Wohl unter dem Einfluss von Warren Buffett ist das Value Investing stark von einem "Buy-and-Hold"-Ansatz geprägt: Buffett betont ja immer wieder, dass er Aktien wie das ganze Unternehmen betrachte und sie kaufe, um sie "für immer" zu halten. Aber vielleicht hätte auch er, der Großmeister des Value Investing, besser daran getan, sich von dem einen oder anderen Aktienpaket zu trennen. Denn weil auch der Preis von Value-Aktien ihren "inneren Wert" (erheblich) übersteigen kann, droht auch ihnen die statistische Regression zum Mittelwert, das heißt ein Wertverlust, der (mindestens) proportional zu ihrer Überbewertung ist. Und diesen Verlust kann man sich (nur!) durch einen rechtzeitigen Verkauf ersparen: "A proper selling discipline will make the difference between great and mediocre returns for even the best crafted buy decisions." (S. 163)
Und wann ist der richtige Zeitpunkt zum Verkauf? Das folgt der gleichen Logik wie die Entscheidung zum Kauf: Kaufen sollte man, wenn eine Aktie eine ausreichende Sicherheitsmarge ("margin of safety" im Sinne des Value Investing-Erfinders Benjamin Graham) zu ihrem inneren Wert aufweist. Verkaufen, wenn diese Sicherheitsmarge erschöpft oder in einem definierten Ausmaß überschritten ist. Das steht im bewussten Widerspruch zu der alten Börsenregel: "Gewinne laufen lassen". Value Investoren verkaufen in der Regel zu früh und "verschenken" damit mögliche Gewinne, aber sie vermeiden damit Verluste, die für das langfristige Ergebnis weit schädlicher sind als entgangene Gewinne. Katsenelson unterstreicht das mit einem hübschen Zitat von Bernard Baruch: "I made my money by selling too soon." (S. 164).
Vom Konzept her ist das gar nicht so schwierig – auch wenn ich mir ausführlichere und präzisere Erklärungen zur Bestimmung des inneren Werts gewünscht hätte. Doch die Umsetzung erfordert ein hohes Maß an Disziplin: Sie macht es erforderlich, sowohl beim Kaufen als auch beim Halten als auch beim Verkaufen beharrlich gegen den jeweiligen Zeitgeist zu handeln. Deshalb garniert Katsenelson sein Buch auch ständig mit abwechslungsreich formulierten Aufrufen zur Disziplin – von Blaise Pascals schönem Satz "All man's miseries derive from not being able to sit quietly in a room alone" über Empfehlungen wie "Not participating in hysteria" (S. 138), "Plug your ears" (S. 146) und "Media are there to drive you insane" (S. 150) bis "Know what you don't know" (S. 157) und "Write down buy, fair value, and sell P/E" (S. 167).

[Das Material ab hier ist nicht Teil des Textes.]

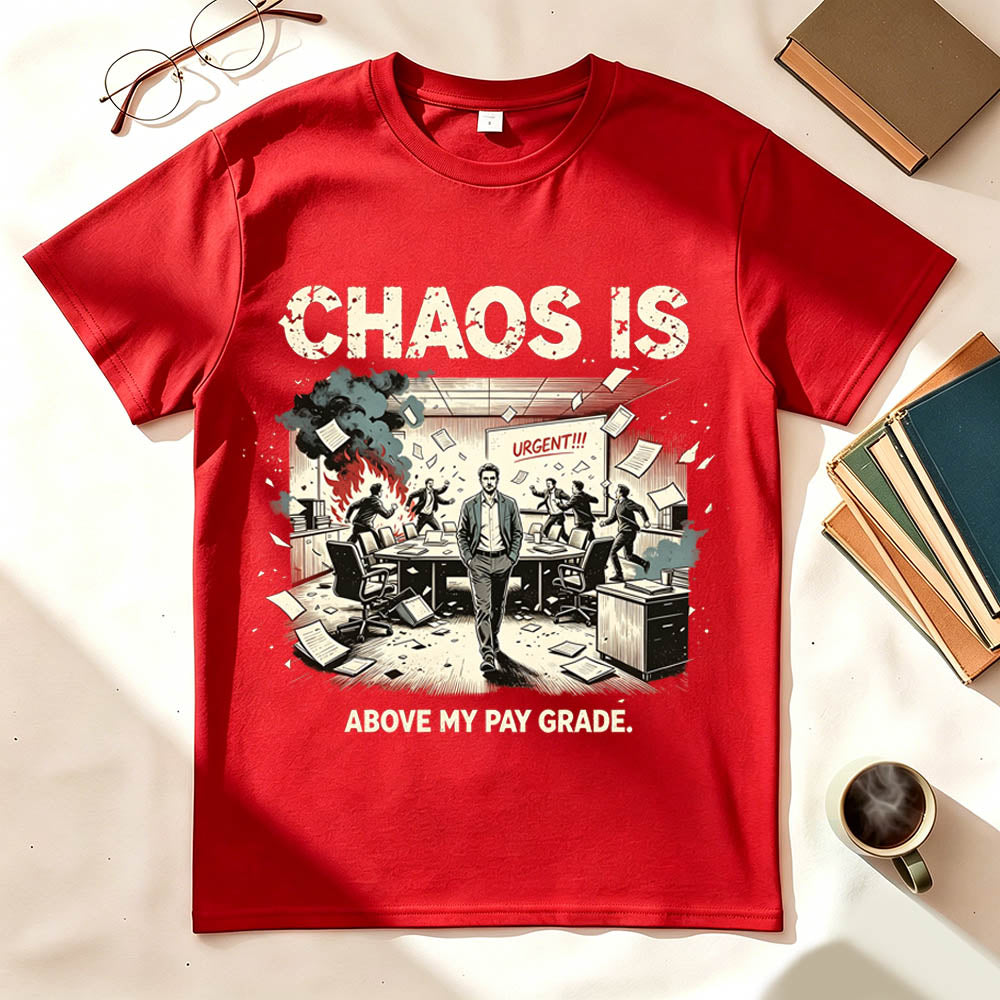 Chaos Is Above My Pay Grade T-Shirt – Funny Office Worker Gift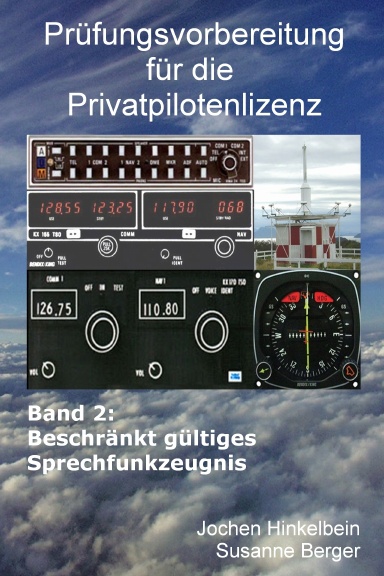 Band 2: Beschränkt gültiges Sprechfunkzeugnis (BZF)
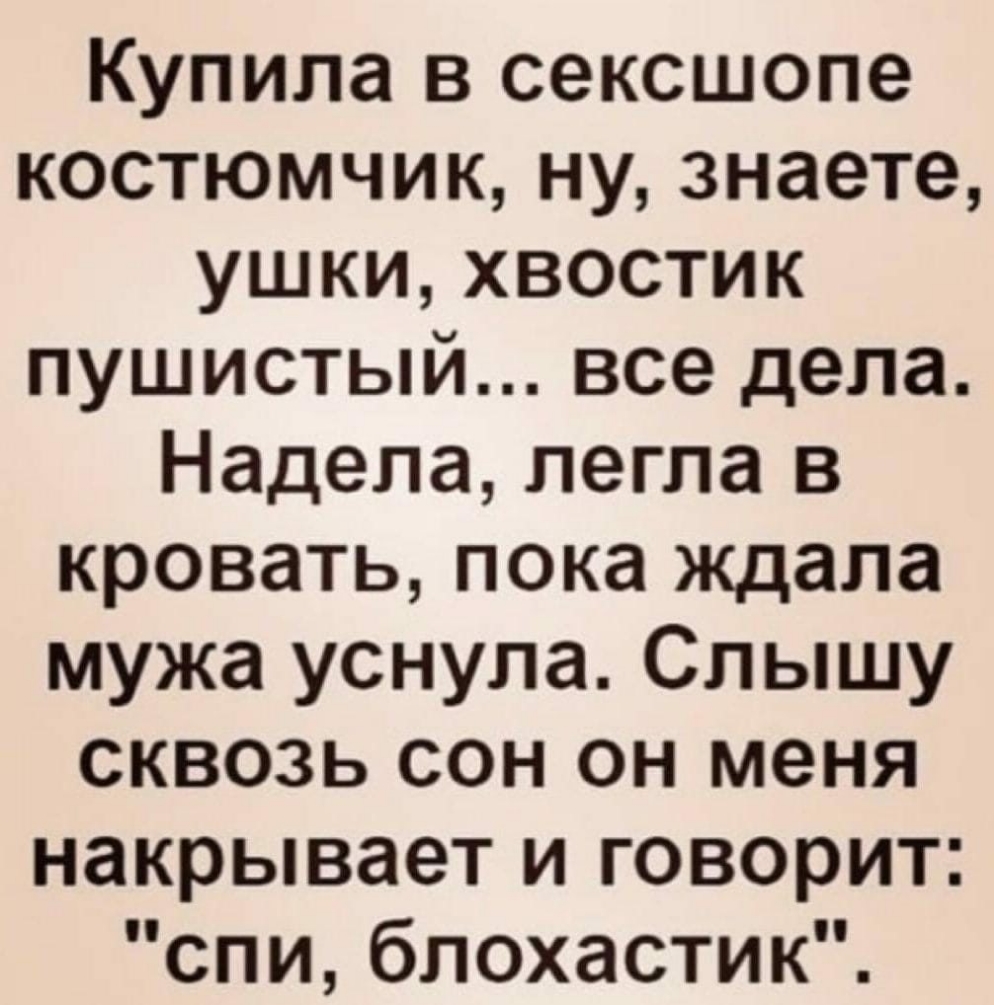 Купила в сексшопе костюмчик ну знаете ушки хвостик пушистый все дела Надела легла в кровать пока ждала мужа уснула Слышу сквозь сон он меня накрывает и говорит спи блохастик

Er hat ja so recht: "You cannot worry about marking the bottom in every buy. My objective is not to buy at the bottom and sell at the top. No, my objective is to buy a great company when it is cheap and sell it when it is fairly valued." (S. 178) Das Gleiche gilt für das Verkaufen: "You cannot worry about marking the top in every sell …" (S. 180)
Insgesamt ein ausgesprochen wertvolles und gut geschriebenes kleines Buch, das mehr Klarheit in das eigene Denken bringt. Hätte Katsenelson noch etwas systematischer dargestellt, wie man (bzw. er) den inneren Wert einer Aktie bestimmt, hätte ich freudig auch 10 Punkte für den Nutzen seines Büchleins gegeben. So bleibe ich bei 9, aber das ist ja auch nicht schlecht für ein "Little Book of ". Wer immer Geld anlegen will oder muss, sollte es im eigenen Interesse unbedingt lesen, zumal es sich weit weniger trocken liest als die meisten anderen Werke zu diesem Thema.